I’ve never had much luck with this method. It works, the popcorn pops, but some kernels always end up burnt or just too well done while waiting for the others to pop. Or you have to empty the popped kernels and re-microwave the rest so they’ll pop too.

I’ll stick with my air popper. Never a burnt kernel in the bunch and if I melt butter in the microwave as that is getting going, it it melted and still warm when the popcorn starts to reach the bowl and I can drizzle the warm butter on (I use a silicone pastry brush) as it shoots out of the popper.

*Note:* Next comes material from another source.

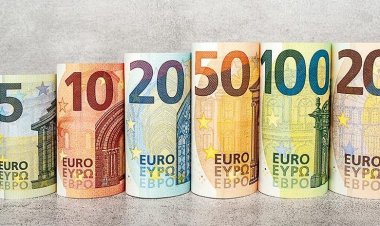 خبير يكشف سر تراجع اليورو عالميًا 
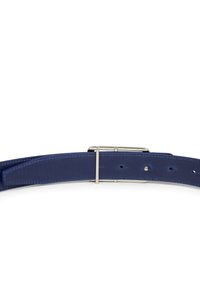Cintura in pelle blu scuro con fibbia rettangolare argentata, cuciture visibili e più fori di regolazione su sfondo bianco.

I always found that olive oil has too low of a smoke point to work well popping corn. I use canola oil and, instead of butter, olive oil for toping. I never would have thought olive oil could take the place of butter, but it’s just as good.

Which power setting?

Full power.

Full power for 6 1/2 minutes? Yowzah! Does your bowl’s top have holes in it?

Crystal has metal in it. Not sure if it’s enough to cause a problem in the microwave.

I use one of these. I only use the actual bowl and lid, not the black heat concentrator thing on the bottom. I use either no oil or just a small amount, or sometimes a little bacon fat instead. It takes about 3 minutes on high.